Halpert, Sulkin, and White identify three early takeaways for the nation’s critical industries:

1. The Framework will continue to evolve:

“The Framework is version 1.0, and the Administration plans for subsequent versions to be updated and refined, although NIST will be handing off its role overseeing these changes to a yet to be determined private sector organization.  Prior to that time, this spring or summer, NIST plans to hold additional workshops on the Framework.  NIST officials have indicated that at least one workshop will address privacy and civil liberties, in an effort to foster the development of  privacy standards, which could be included in future versions of the Framework.”

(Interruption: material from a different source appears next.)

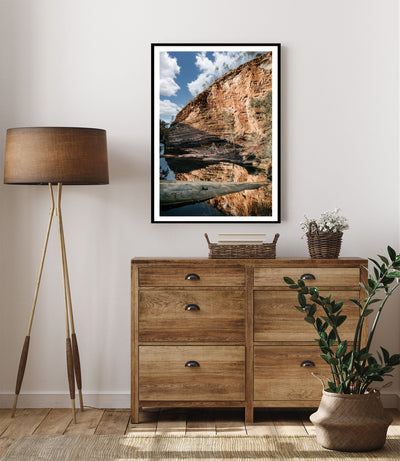 Wonders of Karijini Panoramic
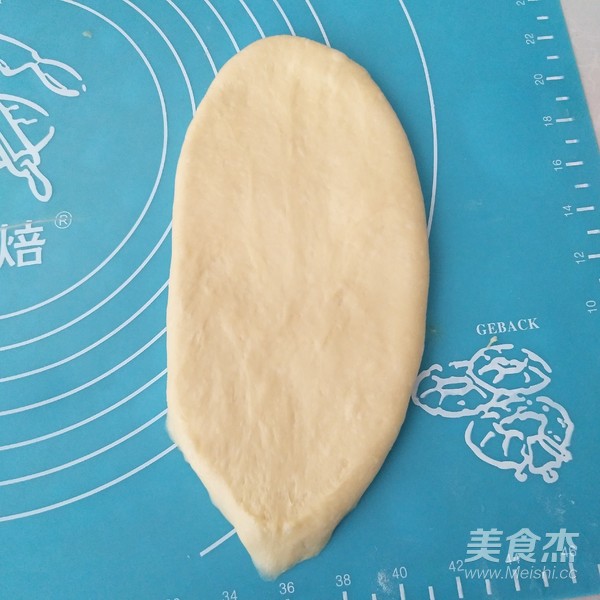 奶油吐司的做法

2. It’s voluntary, but should quickly be adopted by the business community:

Administration speakers emphasized today that the Framework is intended to be voluntary and flexible.  Whether or not use of the Framework is later required by regulation in critical infrastructure sectors, we think it is likely that some modified version the Framework Core will make its way into commercial contracts for critical infrastructure and possibly other services, and that the plaintiffs’ bar will attempt to test the Framework as a standard of care for cybersecurity.

3. The Framework is designed help organizations protect their data and systems:

“The Framework is not intended to replace existing sector standards or to add an unnecessary layer on existing standards and practices.  Instead, it is designed to act as a roadmap for navigating how an organization can apply existing standards and practices in order to build a risk-based cybersecurity plan or improve an existing plan.”